Audio recordings obtained by The Arizona Republic show the dispatch feed flooded with requests for ambulances.
“The ambulances do not have enough units to transfer all the gunshot wounds,” one responder reported.
“We are out of ambulances, and we still have a couple more criticals,” another said.
“Chief, we’re currently loading patients into private vehicles. We have no more ambulances,” still another said. “We’re getting pickup trucks full of patients coming in.”
In 2009, a study of the region’s trauma plan concluded that Clark County needed a centralized communication center to handle emergency situations, rather than relying on a patchwork system of dispatchers and hospitals. That center was never created.
“We’ve been trying to fix that problem for a while,” the health district’s Hammond said, noting that the initial setup of a system could cost upward of $1 million. “Not just for large events, but for everyday movement of patients within the system, a centralized system would be better.”
The streets were jammed when Hendrickson pulled his girlfriend’s car off the Strip. He and Wolters tried to introduce themselves to the strange couple in their backseat, searching for some way into a conversation.

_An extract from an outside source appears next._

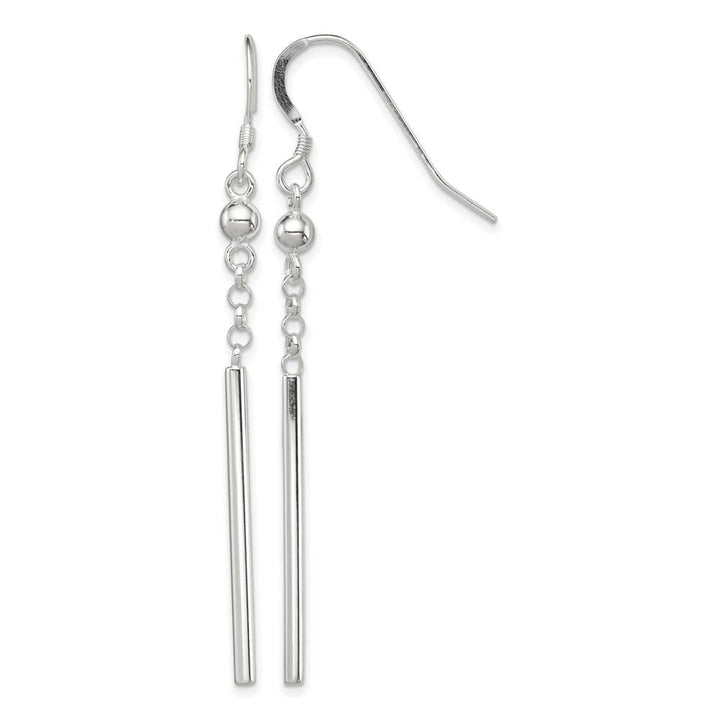 Sterling Silver Polished Fancy Bar Dangle Earrings, view 1 of 4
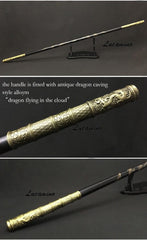 Wooden Monkey King Staff Kungfu Wooden Wushu Sticks Monkey Cudgels Carving dragon golden Cudgel Sun WuKong weapon practice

They reached a red light. Hendrickson blew through it. A truck filled with bleeding people sped past them, clambering over the median and through a turn lane. A 6-mile drive took 10 minutes.
Finally, Hendrickson pulled into the curve behind Sunrise’s emergency room. Hospital staffers had filled the ambulance bays with as many wheelchairs and gurneys as they could find. An ER doctor and nurses worked in a hurried quiet.
A small group crowded around the Mercedes. “Backseat,” Hendrickson told them. He and Wolters watched as nurses pulled out the couple and helped them onto gurneys. Then they disappeared into the crowded hospital.
“We’ve been trying to look for them and see if they’re OK,” Wolters said. “It does kind of bother us that we don’t know how they are.”
At Sunrise Hospital, every gurney and wheelchair held a patient. A few miles away at University Medical Center, the trauma director wondered where the rest of the patients were.